■ **Supplied material**
****************************************
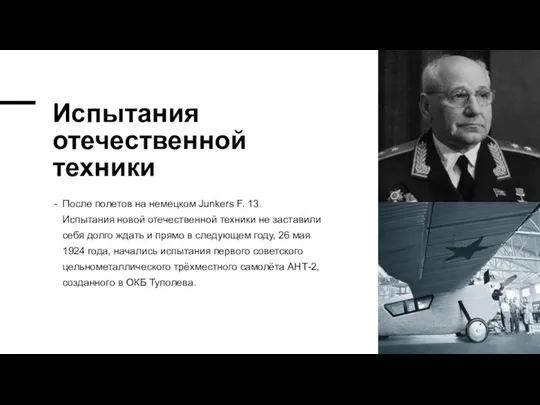 Испытания отечественной техники После полетов на немецком Junkers F. 13.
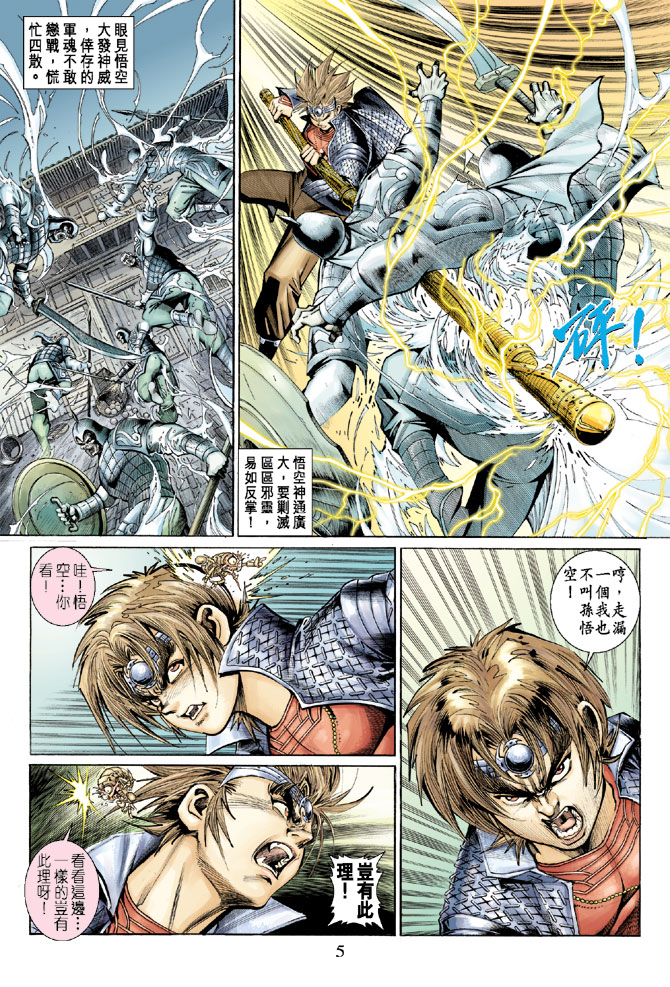 《大圣王》漫画最新章节第61卷免费下拉式在线观看章节第【5】张图片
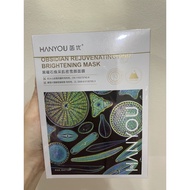 Hanyou Face Mask 菡优面膜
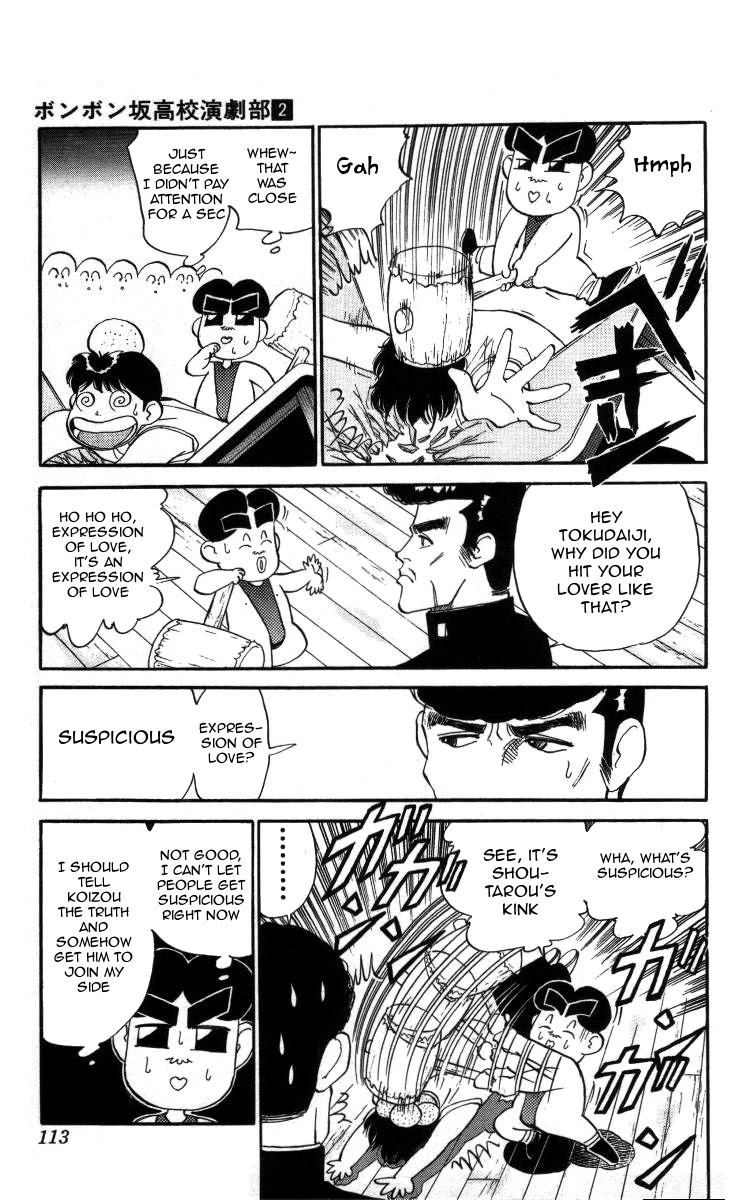 Bonbonzaka Koukou Engekibu Chapter 18 page 11 - Chapter 18: The Conspiracy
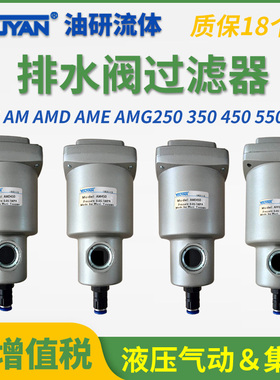 AMH250-03分离器AM350-04/AMD450-06/AMG550-10/AME650-14/850-20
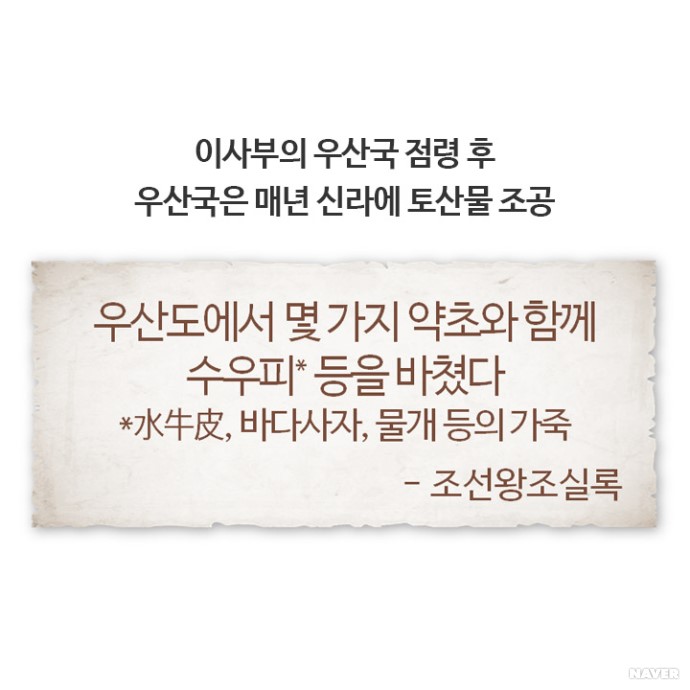 우산국 조선왕조실록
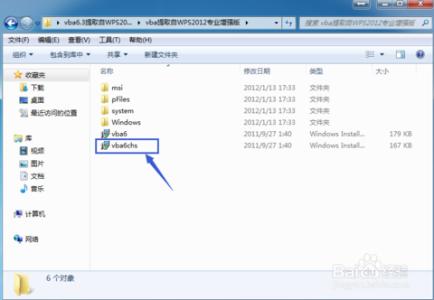 wps vba 宏插件下载 WPS中Excel怎么安装使用宏插件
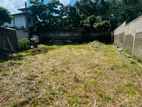 Land for Sale Kandana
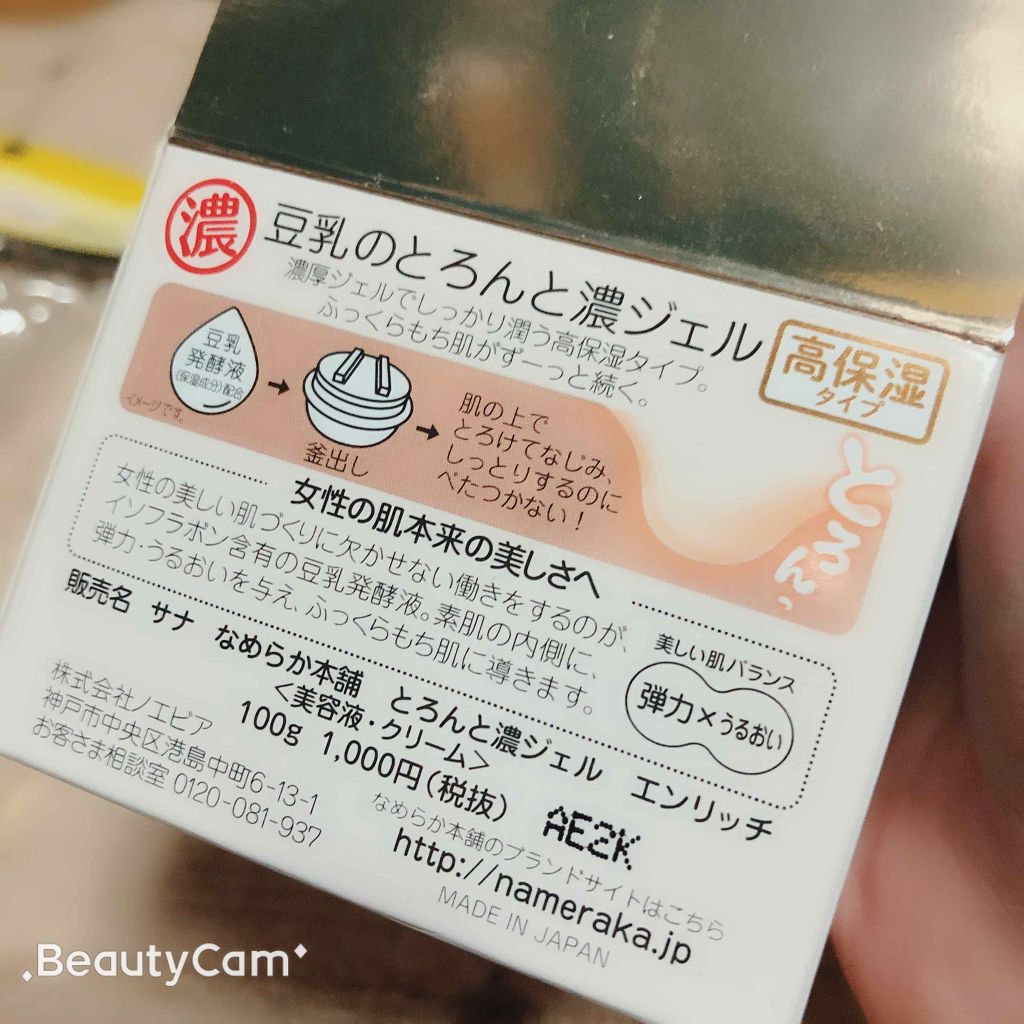 とろんと濃ジェル/なめらか本舗/オールインワン化粧品を使ったクチコミ(2枚目)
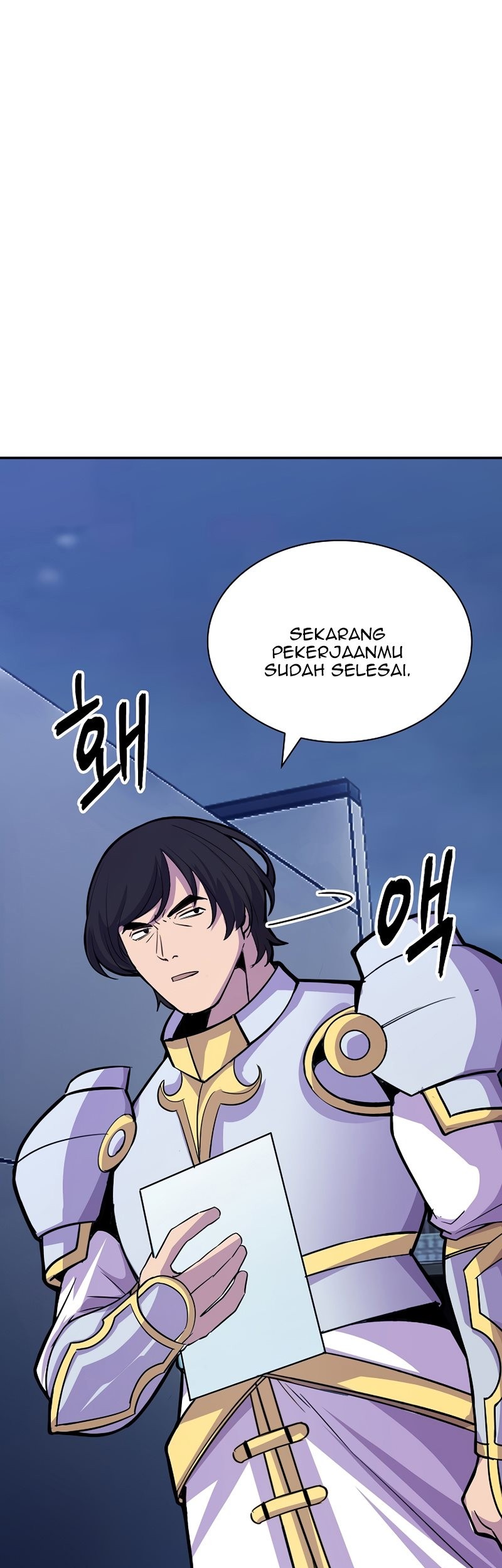 I have an SSS-rank Trait, but I want a Normal Life Chapter 32 - halaman 117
****************************************
■ **What the exercise asks**
Would you transcribe exactly, and only, the lines from the one containing "AMH250-03分离器AM" through the last line of the records above, both included, leaving out the pictures?

■ **Solution to this exercise**
 AMH250-03分离器AM350-04/AMD450-06/AMG550-10/AME650-14/850-20
 우산국 조선왕조실록
 wps vba 宏插件下载 WPS中Excel怎么安装使用宏插件
 Land for Sale Kandana
 とろんと濃ジェル/なめらか本舗/オールインワン化粧品を使ったクチコミ(2枚目)
 I have an SSS-rank Trait, but I want a Normal Life Chapter 32 - halaman 117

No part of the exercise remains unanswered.